The response returned

{
    "__ar": 1,
    "error": 1357004,
    "errorSummary": "Sorry, something went wrong",
    "errorDescription": "Please try closing and re-opening your browser window.",
    "payload": null,
    "hsrp": {
        "hblp": {
            "consistency": {
                "rev": 1005622141
            }
        }
    },
    "lid": "7104767527440109183"
}

Why is this response returned and what should I do to fix this? Also, did we have another way to get the video and photo URL?

score 31 · Answer 1 · edited Jul 10 '22 at 13:52

31

I solved this problem by adding &__d=dis to the query string at the end of the URL, like so: https://www.instagram.com/p/CFr6G-whXxp/?__a=1&__d=dis

edited Jul 10 '22 at 13:52

CertainPerformance

356,069
52
309
320

answered Jun 11 '22 at 07:12

nasser

337
2
3

1

Adding onto this: From a quick test, it looks to me like `__d` just needs to be set to a non-empty value to get it working again. – LewsTherinTelescope Jun 22 '22 at 22:21
This answer stop working for me. May be you have new solution @nasser? Thank you for your answer! – bartwader Aug 16 '22 at 14:50
Where did you come with this link and parameters? – ENSATE Jan 09 '23 at 00:39

score 5 · Answer 2 · answered Jun 09 '22 at 01:47

I believe I may found a workaround using:

https://i.instagram.com/api/v1/users/web_profile_info/?username={username} to get the user's info and recent posts. data.user from the response is the same as graphql.user from https://i.instagram.com/{username}/?__a=1.
Extract the media id from <meta property="al:ios:url" content="instagram://media?id={media_id}"> in the HTML response of https://instagram.com/p/{post_shortcode}.
https://i.instagram.com/api/v1/media/{media_id}/info using the extracted media id to get the same response as https://instagram.com/p/{post_shortcode}/?__a=1.

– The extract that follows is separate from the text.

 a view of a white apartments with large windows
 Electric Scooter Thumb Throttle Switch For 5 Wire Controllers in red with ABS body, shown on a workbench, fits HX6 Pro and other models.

A couple important of points:

The user-agent used in the script is important. I found the one Firefox generated when re-sending requests in the dev tools returned the "Sorry, something went wrong" error.
This solution uses cookies from your Firefox profile. You need to sign in to Instagram in Firefox before running this script. You can switch Firefox to Chrome if you'd like.

cookiejar = browser_cookie3.chrome(domain_name='instagram.com')

Here's the full script. Let me know if this is helpful!

import os
import pathlib
import string
from datetime import datetime, timedelta
from urllib.parse import urlparse
import bs4 as bs
import browser_cookie3
from google.auth.transport import requests
import requests

# setup.
username = "<username>"
output_path = "C:\\some\\path"
headers = {
    "User-Agent": "Mozilla/5.0 (Linux; Android 9; GM1903 Build/PKQ1.190110.001; wv) AppleWebKit/537.36 (KHTML, like Gecko) Version/4.0 Chrome/75.0.3770.143 Mobile Safari/537.36 Instagram 103.1.0.15.119 Android (28/9; 420dpi; 1080x2260; OnePlus; GM1903; OnePlus7; qcom; sv_SE; 164094539)"
}


def download_post_media(post: dict, media_list: list, number: int):
    output_filename = f"{output_path}/{username}"
    if not os.path.isdir(output_filename):
        os.mkdir(output_filename)
    post_time = datetime.fromtimestamp(int(post["taken_at_timestamp"])) + timedelta(hours=5)
    output_filename += f"/{username}_{post_time.strftime('%Y%m%d%H%M%S')}_{post['shortcode']}_{number}"
    current_media_json = media_list[number - 1]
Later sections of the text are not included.